Here is my data class:

    '''
    image class data set   
    
    '''
    def __init__(self, data, transform = None):
        '''
        Args:
        ------------------------------------------------------------
            data = dataframe
            image = column in dataframe with absolute path to the image
            label = column in dataframe that is the target classification variable
            numerical_columns =  numerical columns from data
            categorical_columns = categorical columns from data
            policy = ID variable
            
        '''
        self.image_frame = data
        self.transform = transform
        
    def __len__(self):
        return len(self.image_frame)
    
    def __getitem__(self, idx):
        if torch.is_tensor(idx):
            idx = idx.tolist()
         
        label = self.image_frame.loc[idx, 'target']
        pic = Path(self.image_frame.loc[idx,'location'])
        img = Image.open(pic)
        policy = self.image_frame.loc[idx, 'policy']
        #sample = {'image': img, 'policy': policy, 'label':label}
        #numerical_data = self.image_frame.loc[idx, numerical_columns]
        
        #numerical_data = torch.tensor(numerical_data, dtype = torch.float)

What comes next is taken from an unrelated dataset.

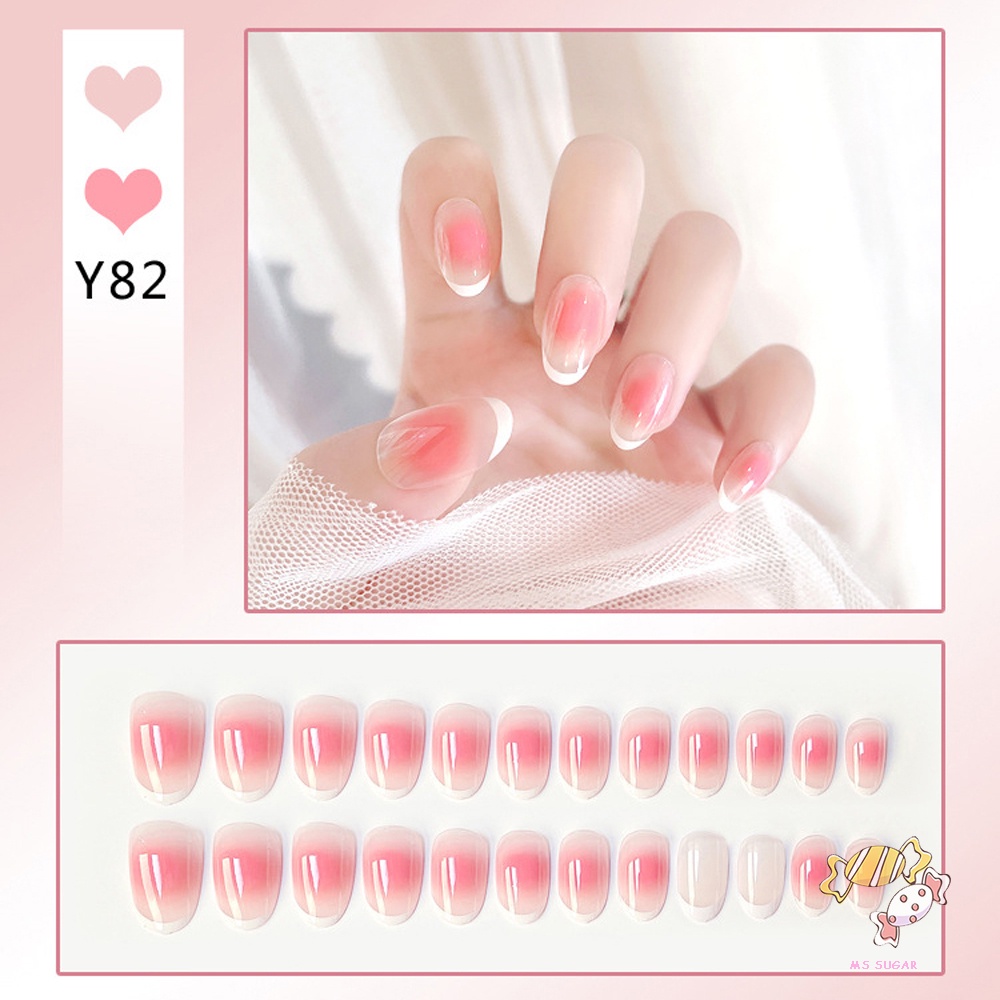 YADORNOS Bộ Móng Tay Giả Tái Sử Dụng Được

        if self.transform:
            image = self.transform(img)
            
        for category in categorical_columns:
            self.image_frame[category] = self.image_frame[category].astype('category')
            
            self.image_frame[category] = self.image_frame[category].astype('category').cat.codes.values
        
        #categorical_column_sizes = [len(self.image_frame[column].astype('category')) for column in categorical_columns]
        #categorical_embedding_sizes = [(col_size, min(50, (col_size+1)//2)) for col_size in categorical_column_sizes]
            
        categorical_data = self.image_frame.loc[idx, categorical_columns]
        categorical_data = torch.tensor(categorical_data, dtype = torch.int64)
            
        return image, label, policy, categorical_data #, numerical_data

This is the line that throws the error although running the model throws the error as well:

for image, label, policy, categorical_data in train_loader: #, numerical_data
    print(f"""           

          image size is {image.shape} 
          
          categorical_data is {categorical_data.shape} 

          """)
    break
    #numeric size is {numerical_data.shape}

Could you explain how you “paired down” the dataset?
The error message points to a KeyError in your pandas DataFrame.
Could you make sure that the key=4305 is valid?

Thank you for the reply. I should have been more clear. I meant the following:

data = data1[(data1['Description'] == 'A') | (data1['Description'] == 'B)']

Yes key=4305 is valid if key means that observation. Everytime I run the script, the key number changes.

Update:

When I save the above filtered data set, and bring that into the scrip instead of filtering it inside the script, there is no error. Any idea what’s going on or what I’m doing wrong?